Quando as pseudoteorias raciais visitam a UFMG

Maria Cristina Soares de Gouvêa* e
Nilma Lino Gomes**

A edição 1630 do BOLETIM noticiou a realização do seminário Resultados do Pisa e a perspectiva de ensino na América Latina, organizado pelo Laboratório de Diferenças Individuais do Departamento de Psicologia da UFMG e que teve como convidados especialistas brasileiros e estrangeiros. Entre estes, o pesquisador Charles Murray, Ph.D em Ciências Políticas.

Tal pesquisador foi entrevistado por dois periódicos de circulação nacional, Época e IstoÉ, aos quais afirmou que a miscigenação racial brasileira seria responsável por um suposto déficit intelectual da população. Tal afirmação, claramente racista, provoca-nos uma questão: por que este senhor é convidado pela UFMG, apresentado como especialista na avaliação do desempenho educacional?

Vejamos o currículo de Charles Murray. Em 1994, publicou o livro, imediatamente transformado em best-seller, The bell curve (A curva do sino). Ancorado numa série de pesquisas fundamentadas em dados estatísticos, o autor repetia o velho argumento, presente no campo científico desde o século 19, de que haveria uma correlação entre raça e cognição.

Este pressuposto, segundo o qual a raça branca constituiria o ápice da escala evolutiva enquanto a negra seria a mais rudimentar, fundamentou um sem-número de pesquisas antropométricas que buscavam comprová-lo. Com base na medição e comparação de diferentes caracteres anátomo-fisiológicos de indivíduos das duas raças, especialmente o tamanho/peso do cérebro, a chamada ciência da cranometria concluía haver uma inferioridade cognitiva das mulheres e indivíduos da raça negra, devido ao menor peso de seu cérebro. Esses estudos deram origem à eugenia, definida como “ciência” do aprimoramento das raças.
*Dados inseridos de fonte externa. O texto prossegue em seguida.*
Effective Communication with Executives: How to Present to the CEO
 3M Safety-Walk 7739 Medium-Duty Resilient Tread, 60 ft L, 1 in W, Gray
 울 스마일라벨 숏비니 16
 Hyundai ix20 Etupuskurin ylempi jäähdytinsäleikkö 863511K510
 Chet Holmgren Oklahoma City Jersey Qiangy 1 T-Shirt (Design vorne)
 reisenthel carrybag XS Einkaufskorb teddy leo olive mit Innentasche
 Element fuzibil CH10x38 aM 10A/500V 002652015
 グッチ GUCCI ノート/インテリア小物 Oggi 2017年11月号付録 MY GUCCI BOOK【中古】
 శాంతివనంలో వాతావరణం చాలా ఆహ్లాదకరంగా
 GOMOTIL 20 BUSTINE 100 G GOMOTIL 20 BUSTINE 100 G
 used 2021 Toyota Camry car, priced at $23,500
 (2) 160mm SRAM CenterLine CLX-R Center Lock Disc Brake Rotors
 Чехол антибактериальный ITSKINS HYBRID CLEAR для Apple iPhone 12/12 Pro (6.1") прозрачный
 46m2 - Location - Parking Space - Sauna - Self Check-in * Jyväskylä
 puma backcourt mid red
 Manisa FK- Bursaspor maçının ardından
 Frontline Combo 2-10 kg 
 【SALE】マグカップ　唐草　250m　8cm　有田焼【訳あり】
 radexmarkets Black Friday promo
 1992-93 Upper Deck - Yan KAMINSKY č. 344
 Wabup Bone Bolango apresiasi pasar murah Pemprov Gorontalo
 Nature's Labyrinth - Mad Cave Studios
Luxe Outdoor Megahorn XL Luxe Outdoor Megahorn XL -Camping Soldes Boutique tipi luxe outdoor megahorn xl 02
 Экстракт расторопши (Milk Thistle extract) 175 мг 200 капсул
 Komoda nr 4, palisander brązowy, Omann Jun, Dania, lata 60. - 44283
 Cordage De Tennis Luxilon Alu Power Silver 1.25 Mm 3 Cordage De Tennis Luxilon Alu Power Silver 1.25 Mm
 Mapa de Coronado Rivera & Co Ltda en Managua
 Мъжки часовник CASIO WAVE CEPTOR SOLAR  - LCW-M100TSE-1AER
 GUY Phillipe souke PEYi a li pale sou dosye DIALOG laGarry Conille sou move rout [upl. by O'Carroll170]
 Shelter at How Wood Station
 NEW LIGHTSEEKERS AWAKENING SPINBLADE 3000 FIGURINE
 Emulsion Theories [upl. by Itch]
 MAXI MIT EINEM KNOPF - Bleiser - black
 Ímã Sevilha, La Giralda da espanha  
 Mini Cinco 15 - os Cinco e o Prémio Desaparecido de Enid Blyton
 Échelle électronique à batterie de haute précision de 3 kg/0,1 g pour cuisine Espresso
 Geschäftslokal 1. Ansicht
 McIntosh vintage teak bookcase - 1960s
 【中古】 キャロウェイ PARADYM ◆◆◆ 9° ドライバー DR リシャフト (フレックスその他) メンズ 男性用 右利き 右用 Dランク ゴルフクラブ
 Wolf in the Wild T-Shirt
No início do século 20, a partir da criação dos testes de QI, a ciência supostamente encontrou o substrato capaz de sustentar a afirmação da superioridade cognitiva da raça branca. A inteligência poderia ser medida e comparada, não mais se recorrendo aos caracteres anátomo-fisiológicos, mas aos psicológicos, aferíveis nos testes psicométricos.

Tal teste, apesar das objeções do autor, Alfred Binet, foi amplamente utilizado no estabelecimento da correlação raça-cognição. Paralelamente, a ciência da eugenia transformou-se em política de Estado na Alemanha nazista, voltada para eliminação de indivíduos de raças tidas como inferiores.

O desenvolvimento de pesquisas e políticas de Estado defensoras das desigualdades raciais poderia constituir apenas um triste e trágico capítulo na história da ciência e sua transformação em ideologia. No entanto, no caso da questão racial, tal tema insiste em ressurgir, sempre sustentado pela realização de pesquisas supostamente fundadas em dados empíricos, que comprovariam finalmente a tese em questão.

É o que ocorre com Charles Murray. Por ocasião da publicação de sua obra, esta foi amplamente debatida e refutada nos meios acadêmicos. Entre outros, o eminente biólogo Stephen Jay Gould, em seu livro A falsa medida do homem (Martins Fontes, 2004), demonstrou o caráter não-científico do estudo de Murray, baseado no falseamento e manipulação dos dados estatísticos e no recurso a investigações obscuras desenvolvidas em institutos sem respeitabilidade acadêmica.

Charles Murray não tem vínculo com nenhuma instituição acadêmica respeitada, sendo pesquisador do American Enterprise Institute, órgão financiado por grupos conservadores norte-americanos. Seus estudos pseudocientíficos embasaram os cortes orçamentários das políticas sociais dos governos Reagan e Bush. Em seu último livro, Real education, ele defende a restrição à entrada na universidade de indivíduos que não demonstrem habilidades cognitivas complexas, aferíveis em testes de inteligência.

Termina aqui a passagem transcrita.